Writing poetry requires reading it—otherwise, how will you challenge yourself to reach something original and how will you know if you’ve accomplished it? Yet, I understand why reading poetry can be intimidating. Some poetry seems so well written that it’s well out of reach for me. Some poets shame me with endlessly perfect decisions about diction, syntax, imagery, and metaphor.
Their impossible standards wouldn’t bother me so much if I could call them stupid, but when I meet a poet who’s doing what I’m doing—only much better—it’s disconcerting.
The name of this blog comes from a poem written by such a poet. Howard Nemerov, the careful craftsman, could never accept “good enough” and salts every poem with apt description, tuned phrasing, and illuminating discoveries. To demonstrate, here’s a short poem called “The Beautiful Lawn Sprinkler”:
What gives it power makes it change its mind
At each extreme, and lean its rising rain
Down low, first one and then the other way;
In which exchange humility and pride
Reverse, forgive, arise, and die again,
Wherefore it holds at both ends of the day
The rainbow in it scattering grains of spray.
Some poets reject Nemerov’s formality—his meter and rhyme, his “in which” and “wherefore,” his inversions and semi-colons. As in much of his work, however, these elements fit and extend his observations, demonstrating his absolute and deliberate authority. The rigidity of this poem communicates the stiffness of the sprinkler as line breaks serve to move your eye back and forth, starting where they ought to end and ending where they start again.

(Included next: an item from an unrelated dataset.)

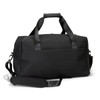 A black soft-touch duffle bag with dual handles and a removable shoulder strap. It features a logo.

And the poem isn’t just technically proficient either. In something as simple—but mesmerizing—as the sprinkler, Nemerov finds familiarity, resonance, and surprise. He describes the sprinkler vividly enough, but he also leads us to humility, pride, forgiveness, and rebirth. He finishes with a grace note, the metaphor of water droplets as “grains of spray,” wet and dry all at once, both extremes embodied in a simultaneously novel and recognizable image.
Though “resourceful” is a word many contemporary poets might run from, Nemerov embraces it. If I could write one poem like the one above, I might be satisfied, but Nemerov holds to his standard. Each poem is good for a few flashes of discovery: bones as “cantilevered,” wet grass beneath a removed storm window “like seaweed on the tide” or “blades of wheat,” and lobsters as “gigantic spiders that spin not.” He revitalizes every ordinary. The clouds are “bellied,” and the heart is a web where, as this blog notes, every vibration is a “signal to attend.” Nemerov seems undaunted by his ambition to awe. His faith seems unshakable—he will eventually find exactly the right answer.
When I collect my poetry and read it together, I find the same words cropping up everywhere, one soupy serious tone, and habits of composition that seem to me much too obvious. I see the places where I needed something special and satisfied for something serviceable.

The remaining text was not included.